[EXERCISE] A partial copy is required: transcribe exactly the lines from the one containing "403 South Kennedy" through the last line below, without any pictures.

[MATERIAL FOR THIS EXERCISE]
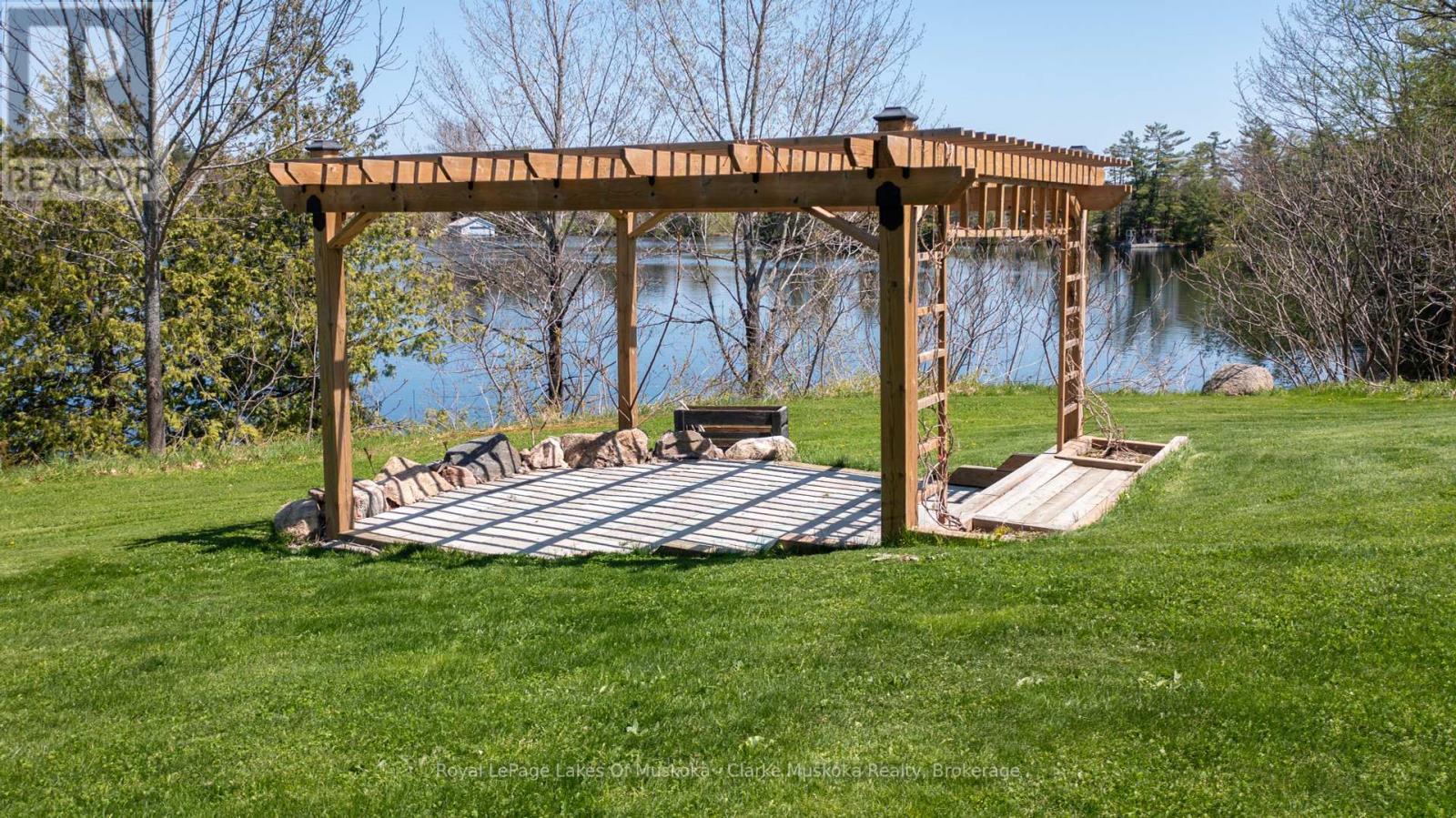 












202 WHITES FALLS ROAD

,
Georgian Bay (Baxter),




Ontario
L0K1S0

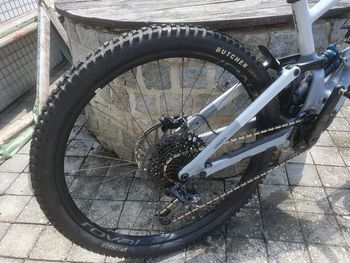 Used Specialized SRAM X01 2022 Mountainbike, Light Gray — image 10 of 16
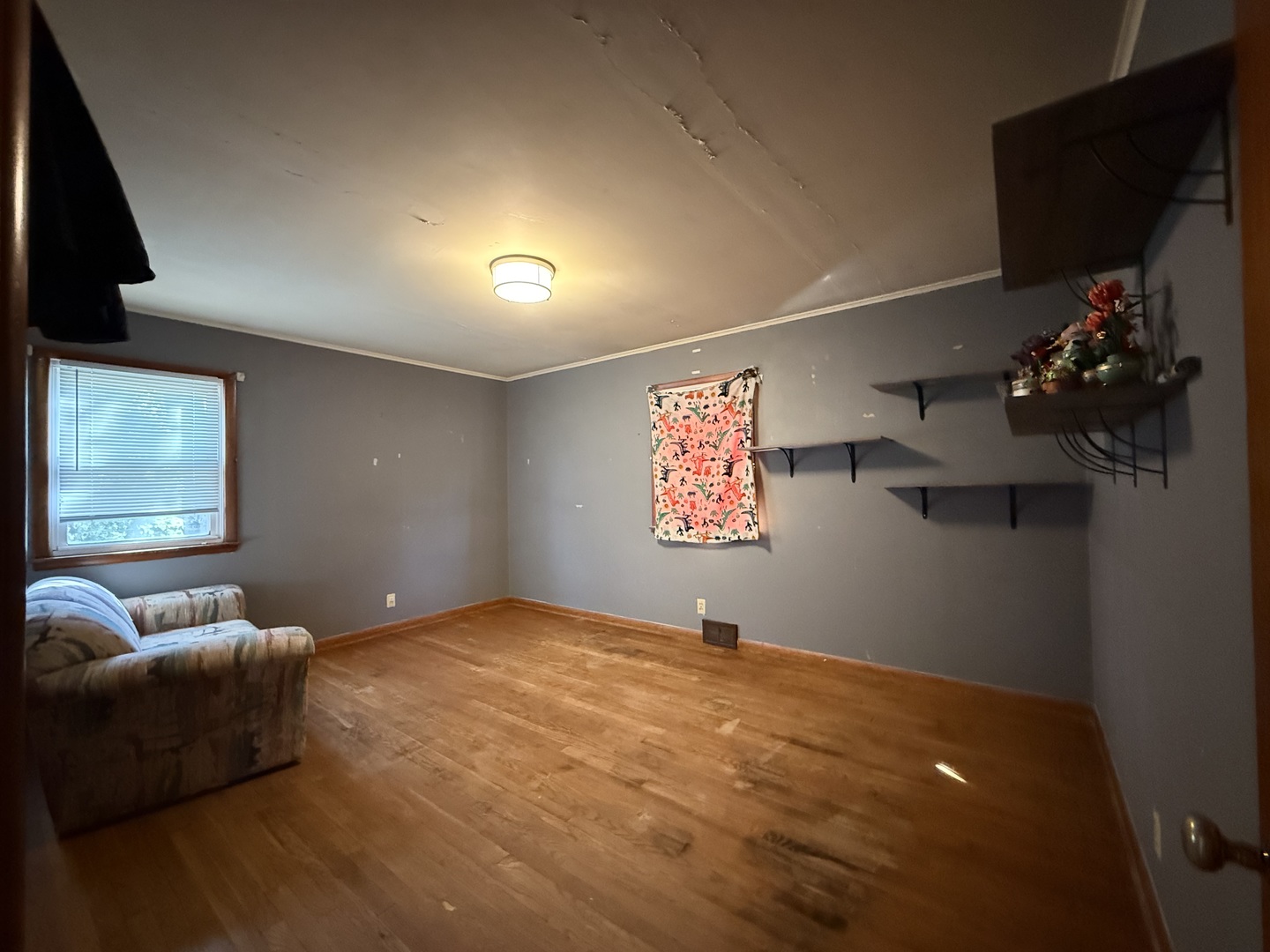 403 South Kennedy Drive Georgetown, IL 61846 - Photo 5 of 9 a living room with furniture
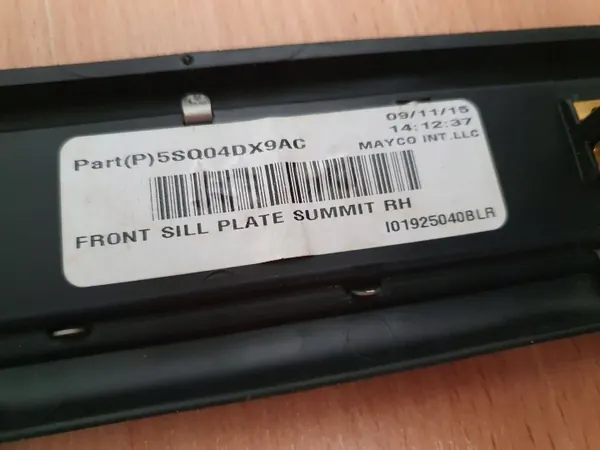 Kynnyssuoja OEM 5S005DX9AC Jeep Cherokee WK2 Summit image 7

[EXERCISE SOLUTION]
 403 South Kennedy Drive Georgetown, IL 61846 - Photo 5 of 9 a living room with furniture
 Kynnyssuoja OEM 5S005DX9AC Jeep Cherokee WK2 Summit image 7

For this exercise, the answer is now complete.